Brief descriptive captions:
----

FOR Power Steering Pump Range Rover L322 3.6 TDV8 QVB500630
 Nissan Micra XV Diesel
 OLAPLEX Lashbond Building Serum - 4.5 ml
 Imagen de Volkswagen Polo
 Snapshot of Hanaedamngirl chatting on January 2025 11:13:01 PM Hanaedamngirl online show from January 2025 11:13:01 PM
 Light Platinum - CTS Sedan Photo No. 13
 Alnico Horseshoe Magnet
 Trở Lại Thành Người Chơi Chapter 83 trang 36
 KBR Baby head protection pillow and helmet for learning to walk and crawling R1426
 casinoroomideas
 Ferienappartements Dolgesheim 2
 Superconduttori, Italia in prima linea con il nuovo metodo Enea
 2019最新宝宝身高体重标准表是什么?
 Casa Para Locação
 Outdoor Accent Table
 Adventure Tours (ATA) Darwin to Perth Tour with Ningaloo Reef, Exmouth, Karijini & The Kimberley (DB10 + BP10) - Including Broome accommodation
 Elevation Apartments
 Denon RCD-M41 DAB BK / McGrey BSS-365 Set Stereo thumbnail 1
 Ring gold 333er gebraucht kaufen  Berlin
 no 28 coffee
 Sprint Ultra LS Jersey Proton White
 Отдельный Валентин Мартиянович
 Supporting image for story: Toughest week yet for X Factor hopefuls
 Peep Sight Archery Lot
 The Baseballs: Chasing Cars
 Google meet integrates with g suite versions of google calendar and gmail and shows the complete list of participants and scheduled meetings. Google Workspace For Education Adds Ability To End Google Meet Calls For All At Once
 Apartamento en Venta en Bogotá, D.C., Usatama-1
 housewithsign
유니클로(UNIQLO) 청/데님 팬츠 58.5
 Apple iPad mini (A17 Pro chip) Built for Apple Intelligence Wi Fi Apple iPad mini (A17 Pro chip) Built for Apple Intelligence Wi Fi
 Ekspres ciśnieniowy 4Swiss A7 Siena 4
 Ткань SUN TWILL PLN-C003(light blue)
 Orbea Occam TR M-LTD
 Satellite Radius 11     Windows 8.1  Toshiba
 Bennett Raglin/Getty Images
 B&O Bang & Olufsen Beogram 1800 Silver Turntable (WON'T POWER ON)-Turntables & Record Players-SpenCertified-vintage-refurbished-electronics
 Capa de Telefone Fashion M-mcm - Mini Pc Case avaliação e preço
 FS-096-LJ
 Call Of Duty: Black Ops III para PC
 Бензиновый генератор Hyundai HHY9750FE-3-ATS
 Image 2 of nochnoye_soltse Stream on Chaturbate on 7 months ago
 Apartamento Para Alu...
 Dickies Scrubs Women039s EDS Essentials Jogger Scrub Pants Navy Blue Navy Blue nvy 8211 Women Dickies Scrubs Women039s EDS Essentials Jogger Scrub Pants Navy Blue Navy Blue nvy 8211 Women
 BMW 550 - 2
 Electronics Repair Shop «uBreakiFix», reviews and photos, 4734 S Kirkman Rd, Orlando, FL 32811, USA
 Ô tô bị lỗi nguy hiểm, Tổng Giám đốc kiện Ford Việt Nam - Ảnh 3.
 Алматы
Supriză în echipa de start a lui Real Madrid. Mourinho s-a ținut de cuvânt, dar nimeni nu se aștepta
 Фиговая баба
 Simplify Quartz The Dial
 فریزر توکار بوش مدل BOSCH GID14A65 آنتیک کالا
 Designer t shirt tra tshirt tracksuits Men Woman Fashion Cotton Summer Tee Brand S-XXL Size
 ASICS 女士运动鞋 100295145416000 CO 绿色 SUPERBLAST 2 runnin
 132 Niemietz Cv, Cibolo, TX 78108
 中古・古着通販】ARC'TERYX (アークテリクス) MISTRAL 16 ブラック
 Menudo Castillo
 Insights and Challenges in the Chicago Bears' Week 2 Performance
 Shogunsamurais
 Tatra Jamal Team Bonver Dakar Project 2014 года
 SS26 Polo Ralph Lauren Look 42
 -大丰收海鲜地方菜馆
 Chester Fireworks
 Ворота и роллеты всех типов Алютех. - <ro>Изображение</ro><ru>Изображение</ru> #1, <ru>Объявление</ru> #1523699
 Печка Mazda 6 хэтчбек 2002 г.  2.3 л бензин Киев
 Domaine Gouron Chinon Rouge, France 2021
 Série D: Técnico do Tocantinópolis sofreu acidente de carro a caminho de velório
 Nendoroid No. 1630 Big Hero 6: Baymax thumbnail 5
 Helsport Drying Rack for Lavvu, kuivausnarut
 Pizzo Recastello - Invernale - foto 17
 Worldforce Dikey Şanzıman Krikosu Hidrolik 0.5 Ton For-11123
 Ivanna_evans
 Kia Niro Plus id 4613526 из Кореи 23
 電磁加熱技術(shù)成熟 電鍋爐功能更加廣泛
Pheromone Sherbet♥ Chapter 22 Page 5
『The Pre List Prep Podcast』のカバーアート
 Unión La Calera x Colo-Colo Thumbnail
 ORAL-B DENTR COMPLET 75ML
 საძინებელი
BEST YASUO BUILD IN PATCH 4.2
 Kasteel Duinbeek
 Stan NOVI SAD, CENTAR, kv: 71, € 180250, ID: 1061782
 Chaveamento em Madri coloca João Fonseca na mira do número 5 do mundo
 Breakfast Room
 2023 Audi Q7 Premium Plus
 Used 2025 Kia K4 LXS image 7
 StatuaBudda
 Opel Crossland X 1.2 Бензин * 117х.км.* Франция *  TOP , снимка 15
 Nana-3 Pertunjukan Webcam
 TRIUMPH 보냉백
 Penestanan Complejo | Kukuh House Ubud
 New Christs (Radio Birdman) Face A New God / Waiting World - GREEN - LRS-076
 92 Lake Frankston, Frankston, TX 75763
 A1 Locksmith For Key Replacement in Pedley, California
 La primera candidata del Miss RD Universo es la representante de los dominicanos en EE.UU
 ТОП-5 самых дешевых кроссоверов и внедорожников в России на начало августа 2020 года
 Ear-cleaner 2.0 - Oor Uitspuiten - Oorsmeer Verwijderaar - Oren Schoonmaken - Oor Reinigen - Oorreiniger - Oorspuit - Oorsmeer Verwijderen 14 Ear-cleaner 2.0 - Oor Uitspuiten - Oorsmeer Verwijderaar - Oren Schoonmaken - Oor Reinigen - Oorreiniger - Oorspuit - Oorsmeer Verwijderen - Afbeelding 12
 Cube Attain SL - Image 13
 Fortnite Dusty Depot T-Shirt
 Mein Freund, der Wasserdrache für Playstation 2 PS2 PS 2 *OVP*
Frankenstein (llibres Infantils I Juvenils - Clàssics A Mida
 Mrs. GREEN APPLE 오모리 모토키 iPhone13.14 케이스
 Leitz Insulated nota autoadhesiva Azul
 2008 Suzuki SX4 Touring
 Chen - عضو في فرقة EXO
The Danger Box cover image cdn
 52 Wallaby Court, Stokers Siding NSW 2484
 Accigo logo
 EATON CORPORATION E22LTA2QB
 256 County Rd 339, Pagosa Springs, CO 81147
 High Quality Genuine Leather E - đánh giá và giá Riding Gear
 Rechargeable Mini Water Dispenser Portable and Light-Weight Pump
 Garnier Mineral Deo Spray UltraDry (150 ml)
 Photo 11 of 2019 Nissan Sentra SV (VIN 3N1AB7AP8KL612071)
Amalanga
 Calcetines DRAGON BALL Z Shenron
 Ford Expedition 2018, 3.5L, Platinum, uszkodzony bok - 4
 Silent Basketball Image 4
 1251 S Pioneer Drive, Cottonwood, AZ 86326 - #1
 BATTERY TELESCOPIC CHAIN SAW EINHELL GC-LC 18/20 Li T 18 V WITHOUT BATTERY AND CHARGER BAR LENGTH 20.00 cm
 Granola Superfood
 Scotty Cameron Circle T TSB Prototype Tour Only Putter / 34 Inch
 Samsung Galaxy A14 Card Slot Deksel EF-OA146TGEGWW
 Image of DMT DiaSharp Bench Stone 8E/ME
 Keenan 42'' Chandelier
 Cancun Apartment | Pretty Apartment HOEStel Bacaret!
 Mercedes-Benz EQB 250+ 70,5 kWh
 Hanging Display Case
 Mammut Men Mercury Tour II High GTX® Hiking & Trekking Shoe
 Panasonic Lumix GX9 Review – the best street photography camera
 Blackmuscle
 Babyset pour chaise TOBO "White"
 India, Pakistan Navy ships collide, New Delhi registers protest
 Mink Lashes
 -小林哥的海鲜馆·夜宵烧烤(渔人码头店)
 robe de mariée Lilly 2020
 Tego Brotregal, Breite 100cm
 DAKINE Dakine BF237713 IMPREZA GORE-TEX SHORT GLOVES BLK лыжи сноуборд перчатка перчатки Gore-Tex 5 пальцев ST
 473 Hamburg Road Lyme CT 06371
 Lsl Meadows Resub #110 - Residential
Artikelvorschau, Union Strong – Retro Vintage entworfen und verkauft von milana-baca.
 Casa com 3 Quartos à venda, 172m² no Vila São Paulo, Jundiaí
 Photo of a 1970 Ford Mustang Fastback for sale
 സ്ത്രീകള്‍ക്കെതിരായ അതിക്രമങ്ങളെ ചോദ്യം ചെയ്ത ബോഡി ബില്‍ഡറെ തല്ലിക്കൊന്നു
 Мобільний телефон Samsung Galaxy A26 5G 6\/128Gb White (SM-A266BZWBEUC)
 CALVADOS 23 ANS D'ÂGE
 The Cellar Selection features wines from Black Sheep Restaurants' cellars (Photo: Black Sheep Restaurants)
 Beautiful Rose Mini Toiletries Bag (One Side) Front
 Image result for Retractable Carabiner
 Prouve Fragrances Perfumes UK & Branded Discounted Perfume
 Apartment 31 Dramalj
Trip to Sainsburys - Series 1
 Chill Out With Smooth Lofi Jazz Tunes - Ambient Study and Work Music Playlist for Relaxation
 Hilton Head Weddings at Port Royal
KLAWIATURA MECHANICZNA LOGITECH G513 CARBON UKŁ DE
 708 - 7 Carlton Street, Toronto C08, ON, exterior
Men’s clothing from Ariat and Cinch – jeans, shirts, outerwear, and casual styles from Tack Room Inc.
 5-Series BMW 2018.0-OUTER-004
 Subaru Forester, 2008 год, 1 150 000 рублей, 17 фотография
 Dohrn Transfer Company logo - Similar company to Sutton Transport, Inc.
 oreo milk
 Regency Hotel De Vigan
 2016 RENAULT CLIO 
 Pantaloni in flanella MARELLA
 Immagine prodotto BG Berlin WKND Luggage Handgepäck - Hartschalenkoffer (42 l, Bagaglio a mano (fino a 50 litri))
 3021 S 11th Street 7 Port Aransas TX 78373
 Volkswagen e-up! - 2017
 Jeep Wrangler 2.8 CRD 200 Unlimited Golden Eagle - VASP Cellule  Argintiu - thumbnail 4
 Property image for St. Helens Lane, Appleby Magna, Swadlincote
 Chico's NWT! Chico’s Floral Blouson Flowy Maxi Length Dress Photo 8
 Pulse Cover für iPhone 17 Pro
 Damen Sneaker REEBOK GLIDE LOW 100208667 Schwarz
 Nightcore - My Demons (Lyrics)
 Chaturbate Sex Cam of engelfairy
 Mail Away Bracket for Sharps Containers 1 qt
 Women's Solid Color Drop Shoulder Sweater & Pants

----

* Task prompt *
When you reach the line that contains "Orbea Occam TR M-LTD", stop; that line and every line before it, from the very first line of the data, should be restated word for word.

* Answer for the task *
FOR Power Steering Pump Range Rover L322 3.6 TDV8 QVB500630
 Nissan Micra XV Diesel
 OLAPLEX Lashbond Building Serum - 4.5 ml
 Imagen de Volkswagen Polo
 Snapshot of Hanaedamngirl chatting on January 2025 11:13:01 PM Hanaedamngirl online show from January 2025 11:13:01 PM
 Light Platinum - CTS Sedan Photo No. 13
 Alnico Horseshoe Magnet
 Trở Lại Thành Người Chơi Chapter 83 trang 36
 KBR Baby head protection pillow and helmet for learning to walk and crawling R1426
 casinoroomideas
 Ferienappartements Dolgesheim 2
 Superconduttori, Italia in prima linea con il nuovo metodo Enea
 2019最新宝宝身高体重标准表是什么?
 Casa Para Locação
 Outdoor Accent Table
 Adventure Tours (ATA) Darwin to Perth Tour with Ningaloo Reef, Exmouth, Karijini & The Kimberley (DB10 + BP10) - Including Broome accommodation
 Elevation Apartments
 Denon RCD-M41 DAB BK / McGrey BSS-365 Set Stereo thumbnail 1
 Ring gold 333er gebraucht kaufen  Berlin
 no 28 coffee
 Sprint Ultra LS Jersey Proton White
 Отдельный Валентин Мартиянович
 Supporting image for story: Toughest week yet for X Factor hopefuls
 Peep Sight Archery Lot
 The Baseballs: Chasing Cars
 Google meet integrates with g suite versions of google calendar and gmail and shows the complete list of participants and scheduled meetings. Google Workspace For Education Adds Ability To End Google Meet Calls For All At Once
 Apartamento en Venta en Bogotá, D.C., Usatama-1
 housewithsign
유니클로(UNIQLO) 청/데님 팬츠 58.5
 Apple iPad mini (A17 Pro chip) Built for Apple Intelligence Wi Fi Apple iPad mini (A17 Pro chip) Built for Apple Intelligence Wi Fi
 Ekspres ciśnieniowy 4Swiss A7 Siena 4
 Ткань SUN TWILL PLN-C003(light blue)
 Orbea Occam TR M-LTD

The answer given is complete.